(Data extracted from a collection)
┄┄┄┄┄┄┄┄┄┄

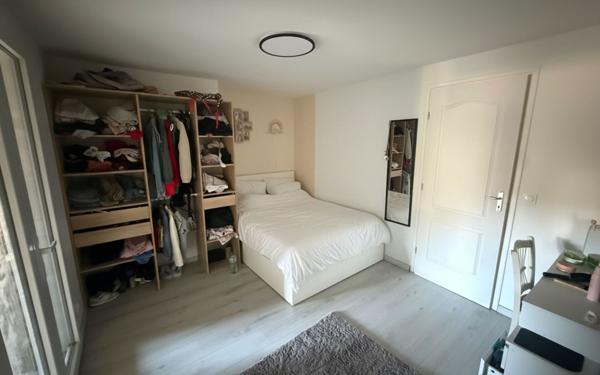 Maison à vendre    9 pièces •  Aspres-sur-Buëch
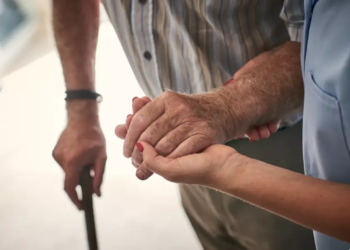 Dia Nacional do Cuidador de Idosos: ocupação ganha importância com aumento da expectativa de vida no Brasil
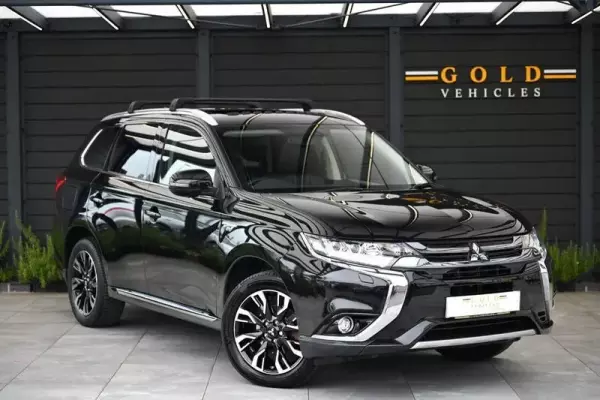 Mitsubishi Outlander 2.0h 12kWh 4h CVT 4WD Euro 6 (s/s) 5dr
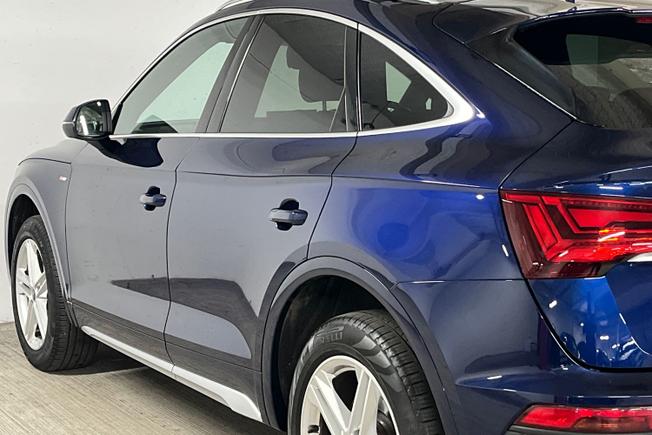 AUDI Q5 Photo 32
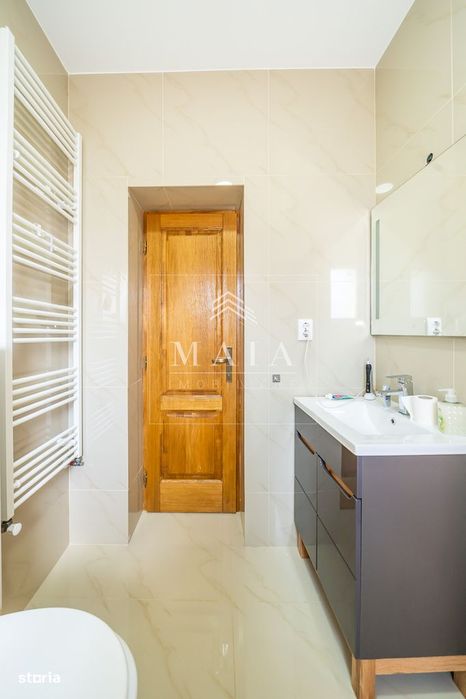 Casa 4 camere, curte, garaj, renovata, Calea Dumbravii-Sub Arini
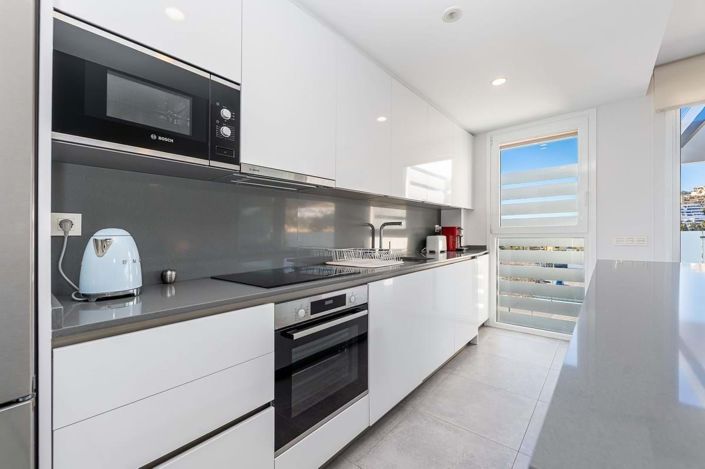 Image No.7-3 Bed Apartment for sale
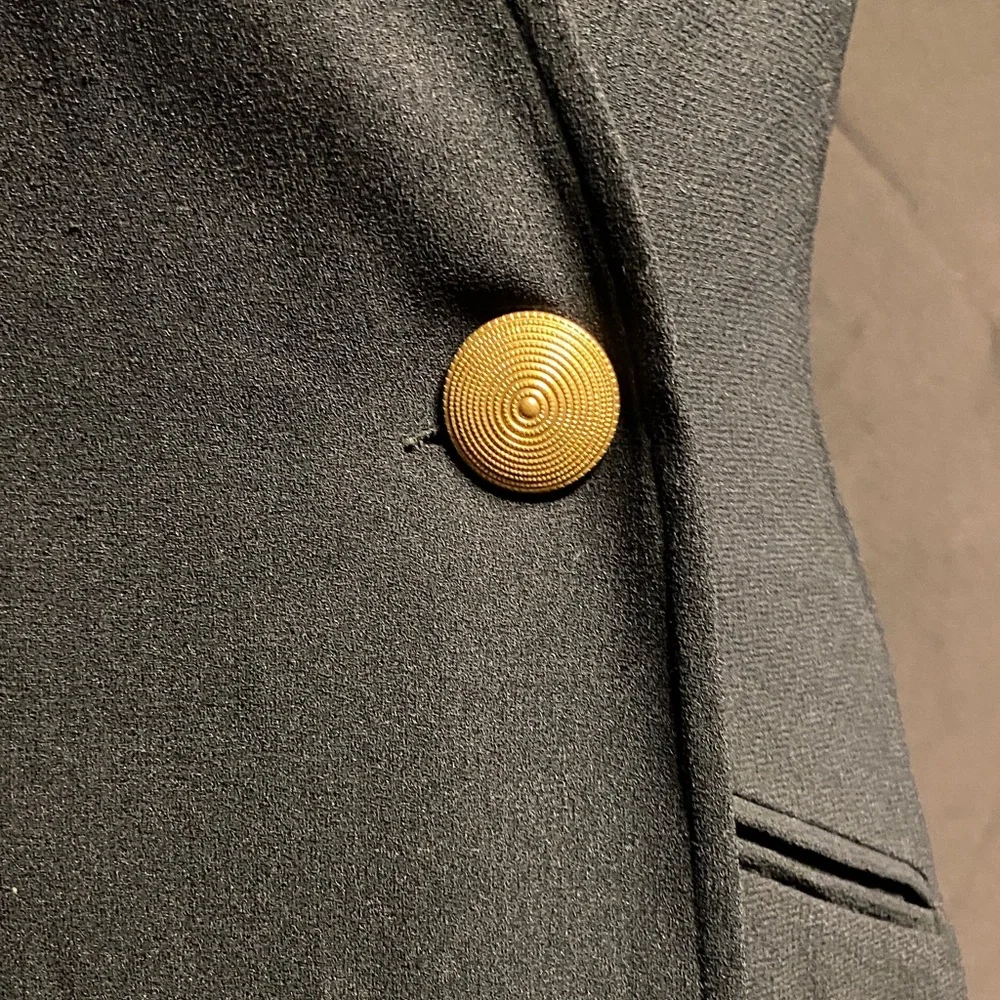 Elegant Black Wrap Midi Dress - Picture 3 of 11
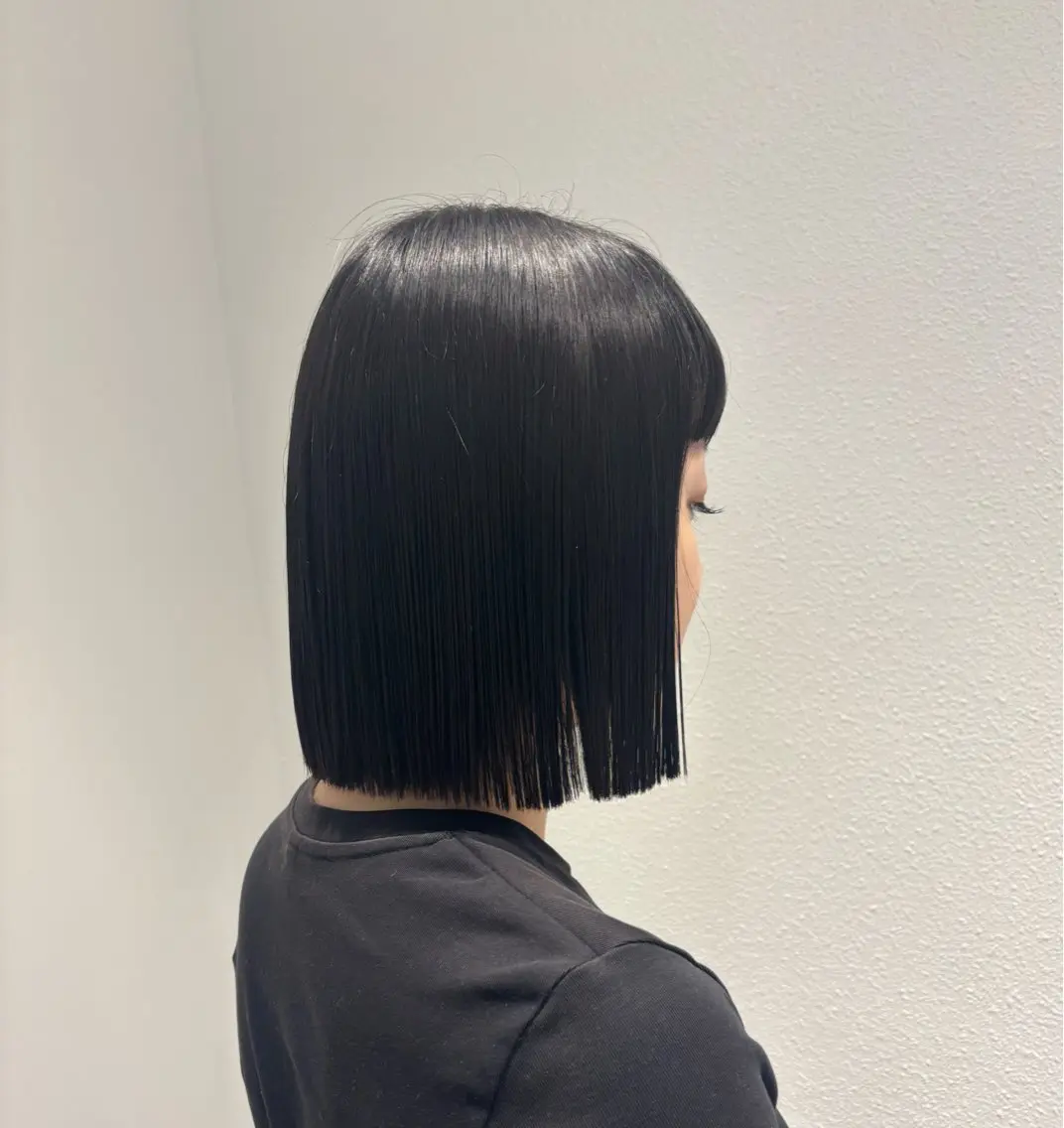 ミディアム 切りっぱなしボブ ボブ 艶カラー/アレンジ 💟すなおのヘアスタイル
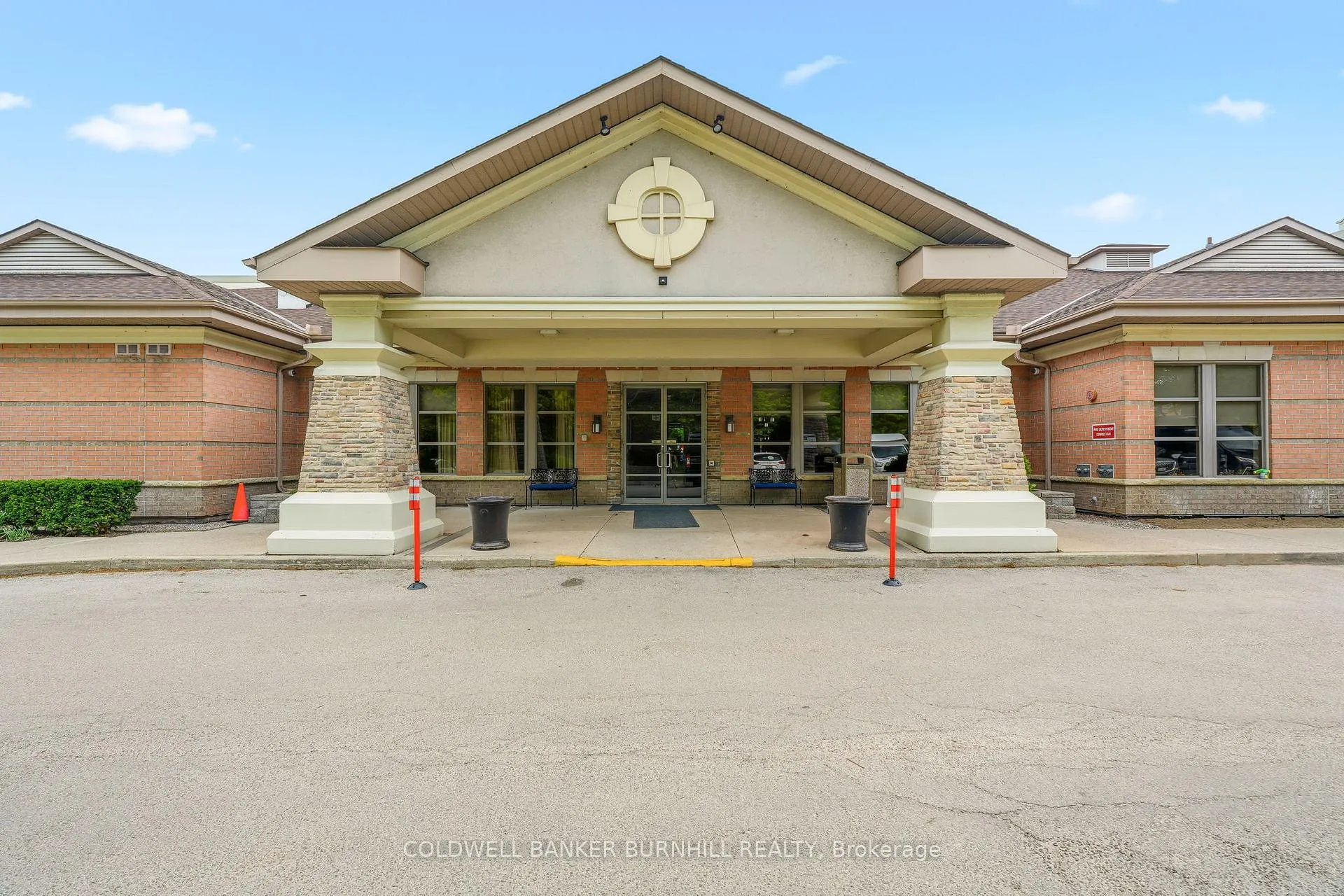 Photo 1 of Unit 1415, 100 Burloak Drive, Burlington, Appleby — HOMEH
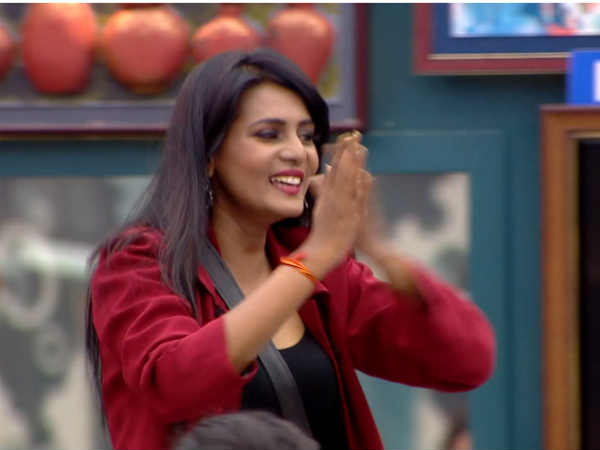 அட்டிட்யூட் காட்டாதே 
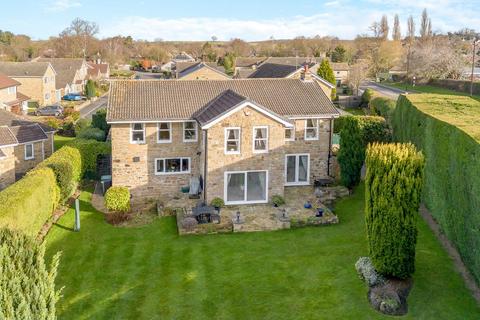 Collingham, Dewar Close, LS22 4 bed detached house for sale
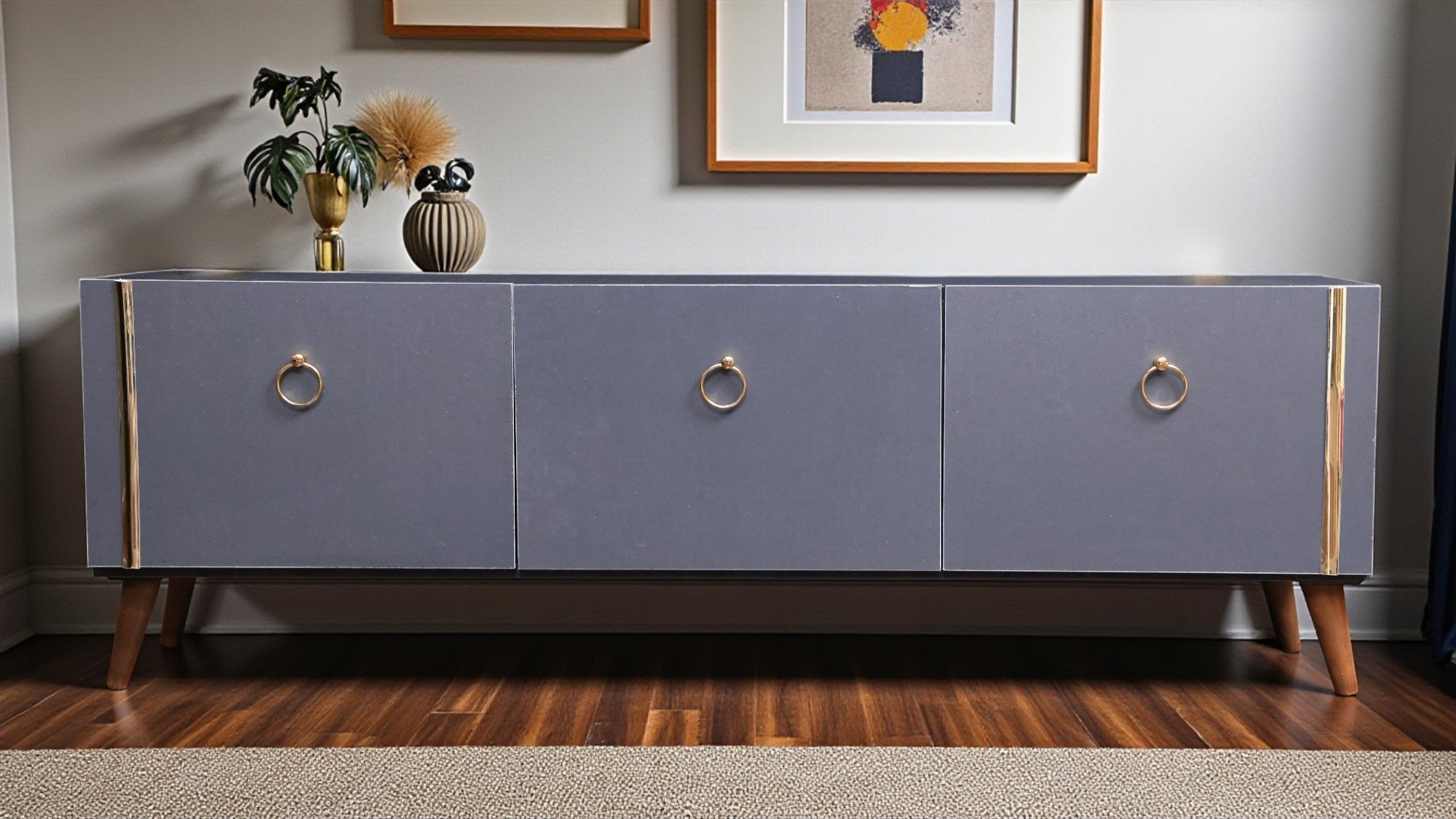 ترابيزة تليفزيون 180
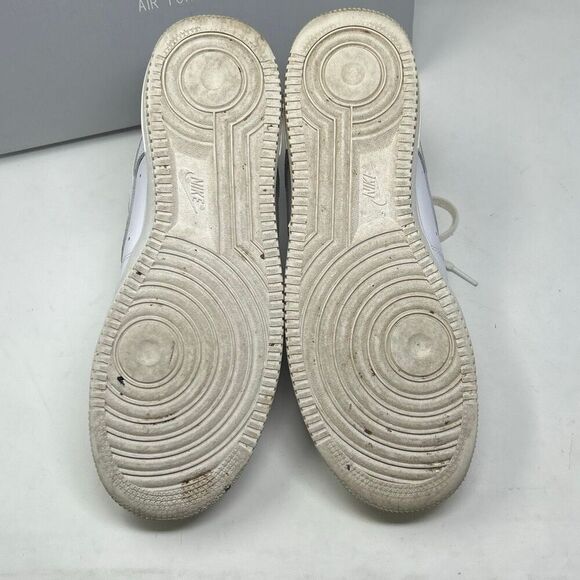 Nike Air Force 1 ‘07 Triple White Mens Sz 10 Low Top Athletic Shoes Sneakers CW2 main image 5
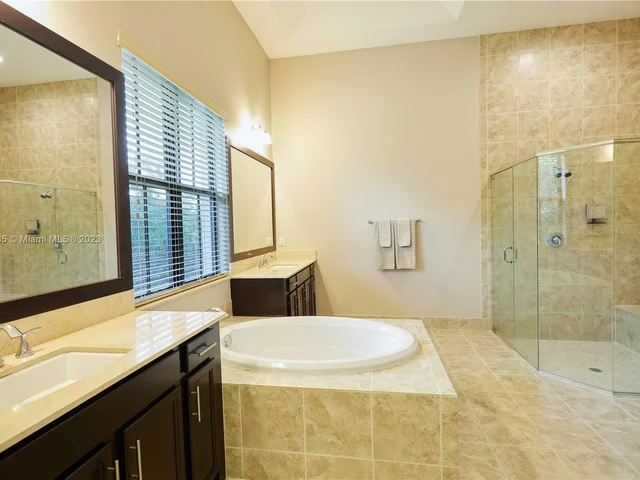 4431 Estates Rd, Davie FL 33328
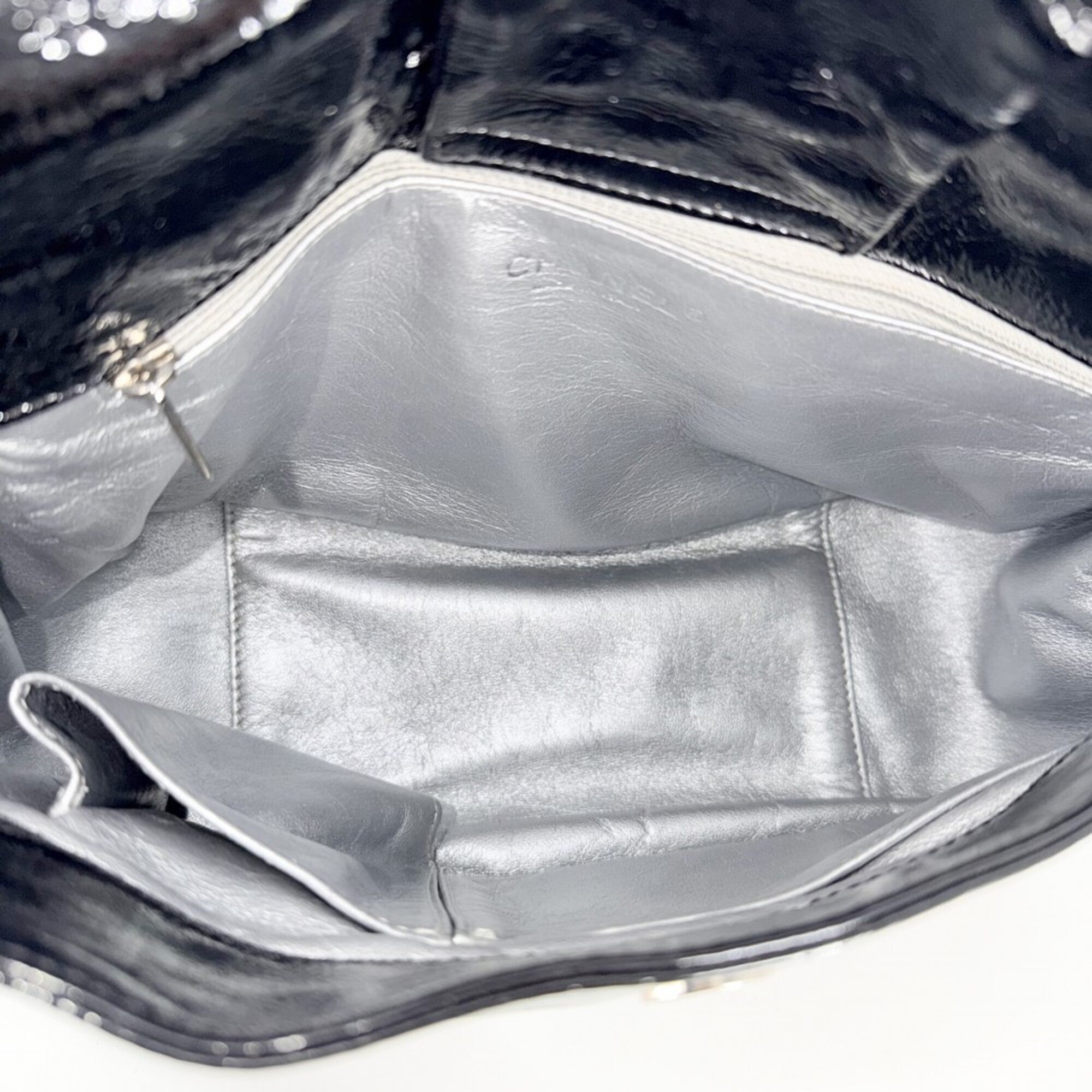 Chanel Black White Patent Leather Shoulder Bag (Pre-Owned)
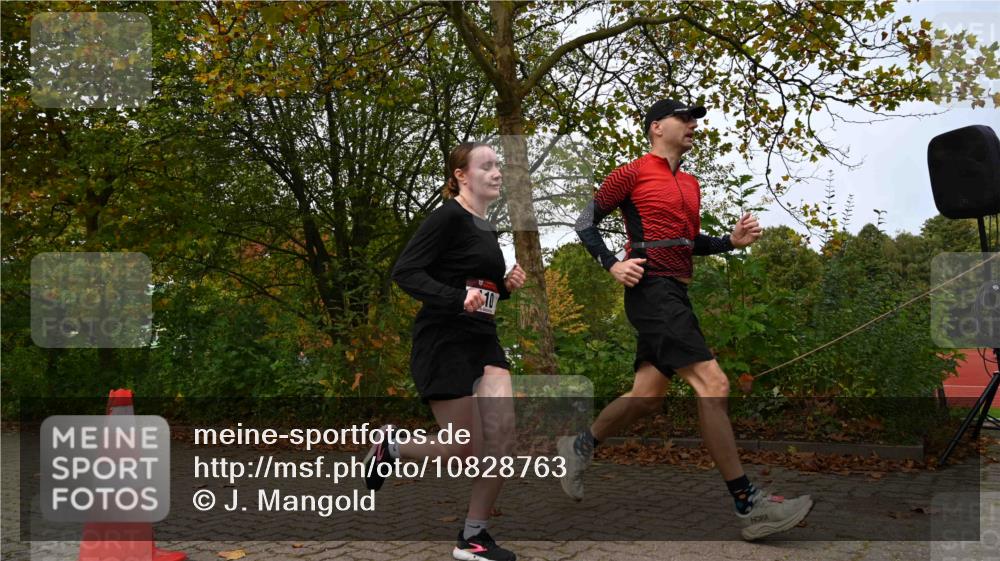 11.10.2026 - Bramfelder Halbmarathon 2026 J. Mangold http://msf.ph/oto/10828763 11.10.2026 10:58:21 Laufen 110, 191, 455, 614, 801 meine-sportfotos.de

┄┄┄┄┄┄┄┄┄┄

## Required action
No picture is to be printed. Output exactly the lines above from the line containing "Mitsubishi Outlander 2.0h" through the line containing "Chanel Black White".

## Answer section
 Mitsubishi Outlander 2.0h 12kWh 4h CVT 4WD Euro 6 (s/s) 5dr
 AUDI Q5 Photo 32
 Casa 4 camere, curte, garaj, renovata, Calea Dumbravii-Sub Arini
 Image No.7-3 Bed Apartment for sale
 Elegant Black Wrap Midi Dress - Picture 3 of 11
 ミディアム 切りっぱなしボブ ボブ 艶カラー/アレンジ 💟すなおのヘアスタイル
 Photo 1 of Unit 1415, 100 Burloak Drive, Burlington, Appleby — HOMEH
 அட்டிட்யூட் காட்டாதே 
 Collingham, Dewar Close, LS22 4 bed detached house for sale
 ترابيزة تليفزيون 180
 Nike Air Force 1 ‘07 Triple White Mens Sz 10 Low Top Athletic Shoes Sneakers CW2 main image 5
 4431 Estates Rd, Davie FL 33328
 Chanel Black White Patent Leather Shoulder Bag (Pre-Owned)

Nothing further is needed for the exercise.